Dataset items
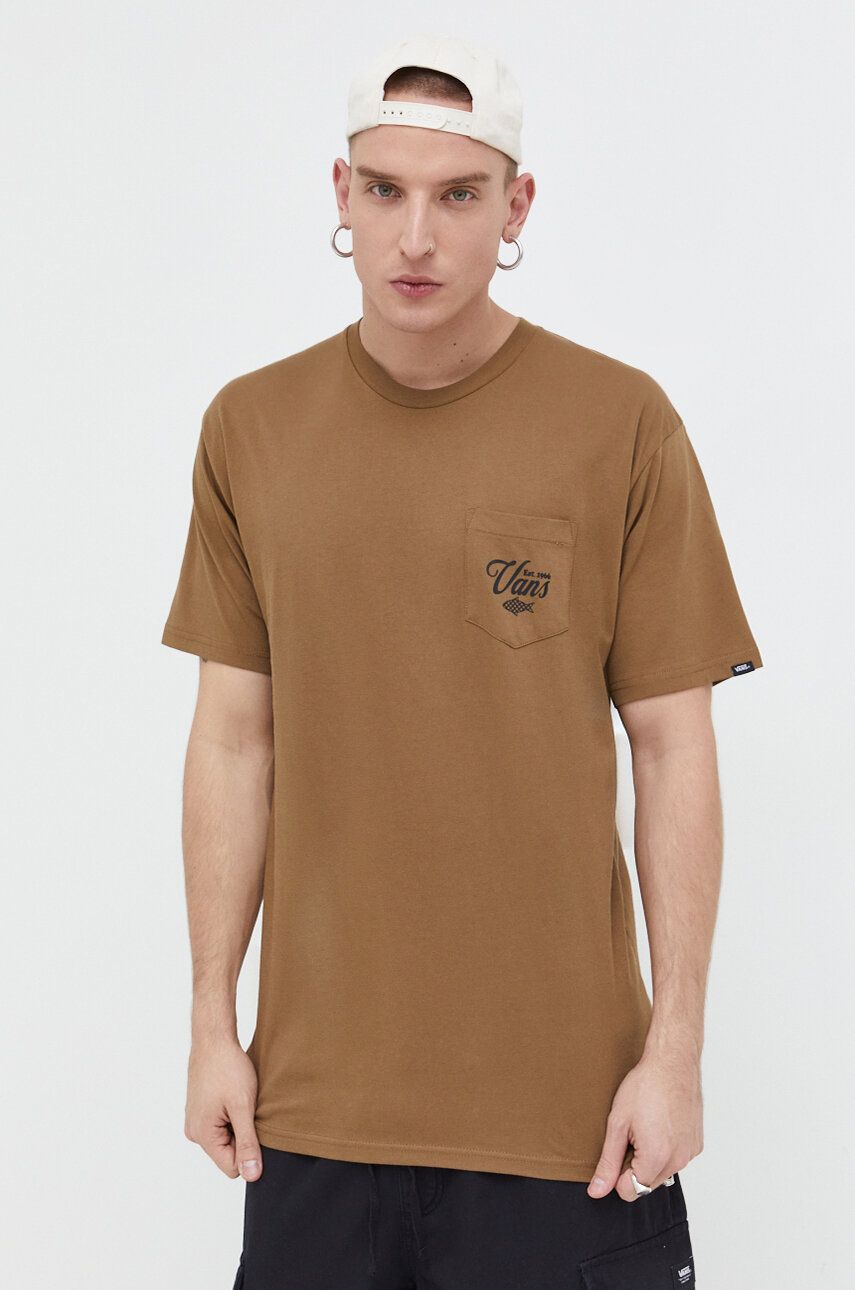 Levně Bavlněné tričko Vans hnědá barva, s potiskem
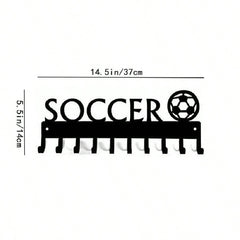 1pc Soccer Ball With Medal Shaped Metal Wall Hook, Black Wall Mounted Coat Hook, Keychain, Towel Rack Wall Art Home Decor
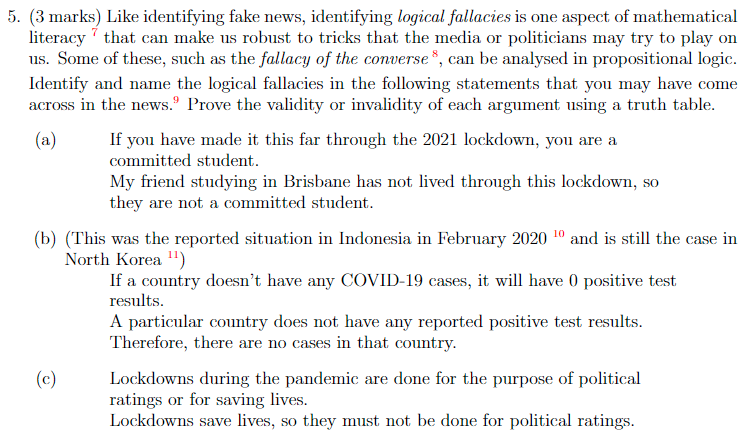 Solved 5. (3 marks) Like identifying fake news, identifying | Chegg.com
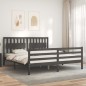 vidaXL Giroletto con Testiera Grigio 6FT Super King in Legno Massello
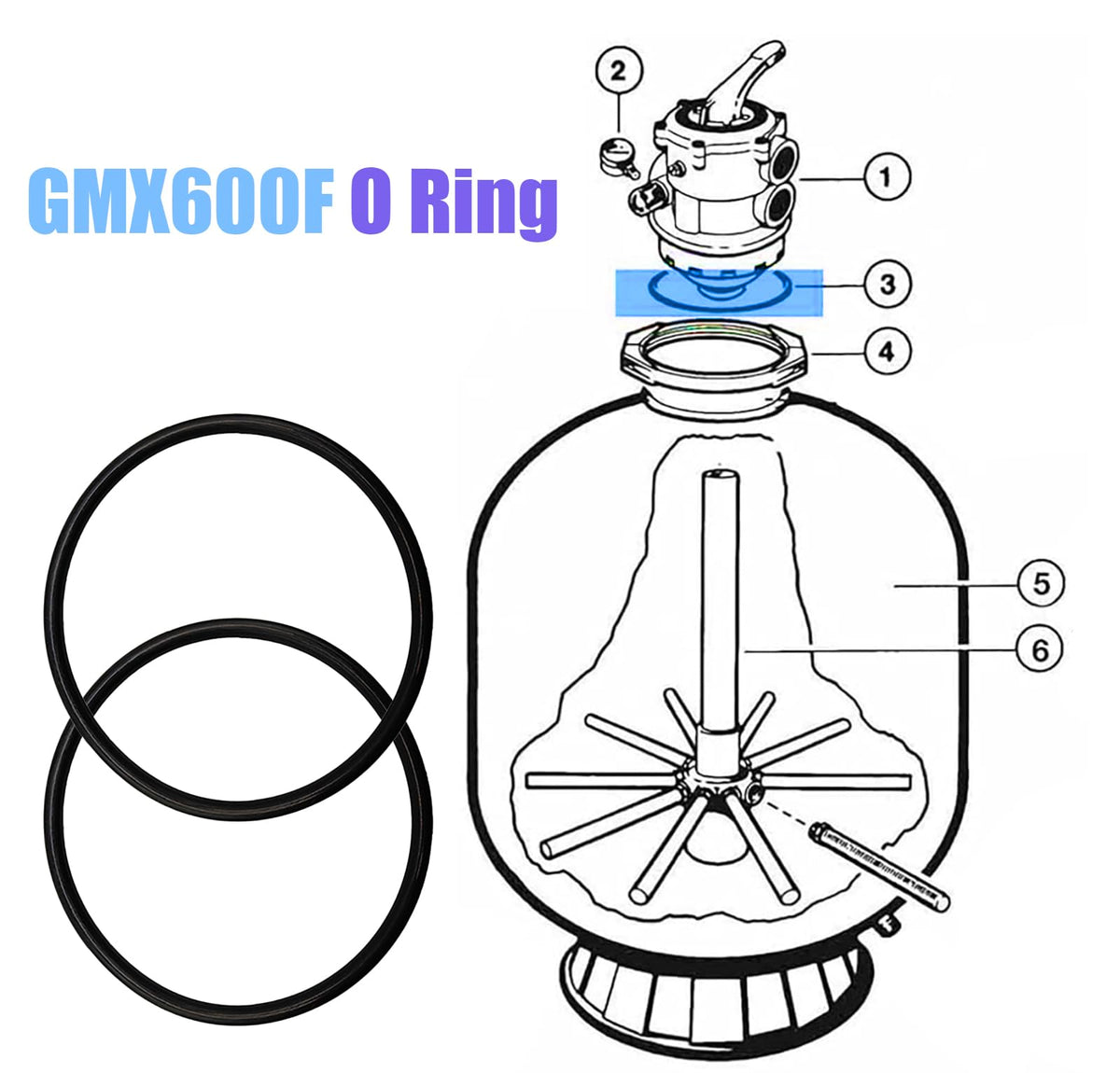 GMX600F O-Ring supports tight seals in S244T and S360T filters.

**Work item**
Excluding all pictures, print exactly and only the lines from the line with "Solved 5. (3" through the end of the records above, both ends included.

**Result**
 Solved 5. (3 marks) Like identifying fake news, identifying | Chegg.com
 vidaXL Giroletto con Testiera Grigio 6FT Super King in Legno Massello
 GMX600F O-Ring supports tight seals in S244T and S360T filters.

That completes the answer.